While many 529 college savings plans offer standardized glide paths that reduce risk as the child gets closer to college, these paths are one-size-fits all.

There are other approaches parents can consider. Instead of choosing a standardized portfolio, parents can manage 529 fund asset allocations to achieve a better fit for their educational savings goals and risk tolerance, as their child grows closer to college age.

529 plan savers can do so in two ways:

  • Follow a traditional 529 plan glide path that changes the asset allocation at critical intervals during the beneficiary’s journey from pre-school to his or her senior year in high school.
  • Or, add as much as 8% to a 529 plan’s performance over its entire 17-year timetable by merging an aggressive, stock-heavy portfolio strategy with an age-based portfolio model that curbs investment risk the closer the child gets toward his or her first day of college

Let’s examine the glide path college savings model, with a closer look at both of the strategies listed above.

College 529 Glide Paths Defined

What’s a 529 plan glide path?

To understand glide paths, you must first understand age-based college savings plan portfolios.

An age-based portfolio flips the script on college investing, changing a static investing mindset into a dynamic one.
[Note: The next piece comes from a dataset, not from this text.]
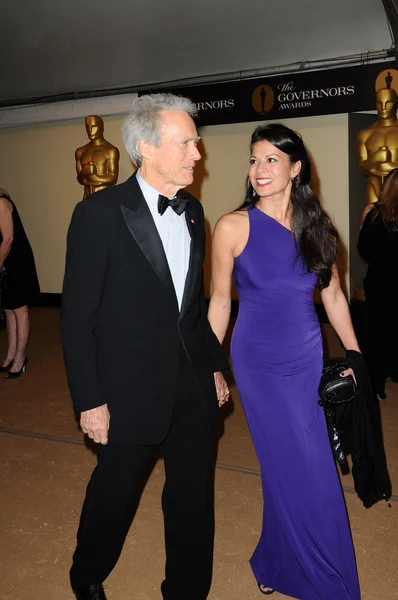 Clint Eastwood e sua esposa Dina no 2nd Annual Academy Governors Awards, Kodak Theater, Hollywood, CA. 11-14-10 — Fotografia de Stock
In real-world terms, an age-based portfolio model shifts the mix of investments as the college-bound child advances in ages and inches closer to the day he or she walks onto campus as a first-year college student.

The “glide path” portion of an age-based 529 plan starts with the opening of the account, with a preset estimate of what the college saver will need when his or her child turns 18 and goes to college.

In general, a 529 glide path has three larger phases, shifting from asset appreciation to asset balance to asset conservation:

  • Pre-school and the first half of grade school. The asset appreciation phase is designed to emphasize growth when the beneficiary is very young. This involves a heavy emphasis on stocks and very little emphasis on bonds.
  • Second-half of grade school/middle school. The asset balance phase is designed to emphasize balance between growth and safety. This involves a roughly equal mix of stocks and bonds.
  • High school: The asset conservation phase involves a gradual shift throughout high school, ideally on a yearly basis, to a heavier emphasis on bonds, and a lighter emphasis on stocks.

As the child ages, the 529 savings plan portfolio adjusts, as well, to accommodate the additional assets now in the portfolio, and to reduce the risk of losing that money, while still seeking to keep the 529 plan growing.

The battle plan with an age-based 529 portfolio is direct – it starts with a heavy dose of equities, to build assets, and gradually shifts to a more balanced mix of stocks and bonds as a son or daughter inches close to college, at age 18.

Glide Path Timeline

Glide path investing does have checkpoints, such as intervals that occur every three years until high school, and then every year until age 18.

Here’s an example of how a glide path looks using an interval model:

Timeline

Ratio of Stocks to Bonds

16-to-19 years until college

Stocks at 100% and bonds at 0%

12-to-15 years until college

Stocks at 90% and bonds at 10%

8-to-11 years until college

Stocks at 70% and bonds at 30%

4-to-7 years until college

Stocks at 50% and bonds at 50%

0-to-3 years until college

Stocks at 25% and bonds at 75%

Zero-years to college

Stocks at 20% and bonds at 80%

 The idea is to build assets early, then protect those assets as the 529 plan beneficiary inches closer to his or her first day on campus. Following this glide path in a disciplined and efficient manner can get the job done.

Holding off on Age-Based 529 Investment Models

Parents can tweak the traditional glide path strategy and earn even more cash for college.

In fact, there’s an emerging school of thought that traditional age-based asset allocation portfolios may move off of the asset appreciation phase too quickly. Considering college savings plans in the context of the family’s other investments, college savers can tolerate a higher level of risk during the asset appreciation phase. If the family starts an automatic investment program when the child is very young, less money is at risk of loss and there is enough time to recover from investment losses.

College savers can gain an extra 1% in the annualized rate of return by investing aggressively in stocks in a 529 plan for a longer initial time period, and then moving to an age-based savings model for the remaining years of the plan.

One study that tracks a “holding pattern” 529 investment approach for a 204-month period from 1950 to 2017 shows that delaying the onset of an age-based asset allocation by up to 10 years can increase the annual return on investment by as much as one percentage point.

It does so without significantly increasing the investment risk, primarily by conservatively inching portfolio performance forward by 0.1% in each year where the shift to conservative assets is delayed.

Over time, this delay in implementing an aged-based portfolio model can result in an 8% rise in total savings over the 529 plan’s entire 17-year time period.

This strategy, while highly effective, is best deployed with the assistance of a professional money manager – preferably one who specializes in creative college financing strategies.

He or she can walk you through the specific steps to get on your own 529 glide path, and maximize your college savings experience.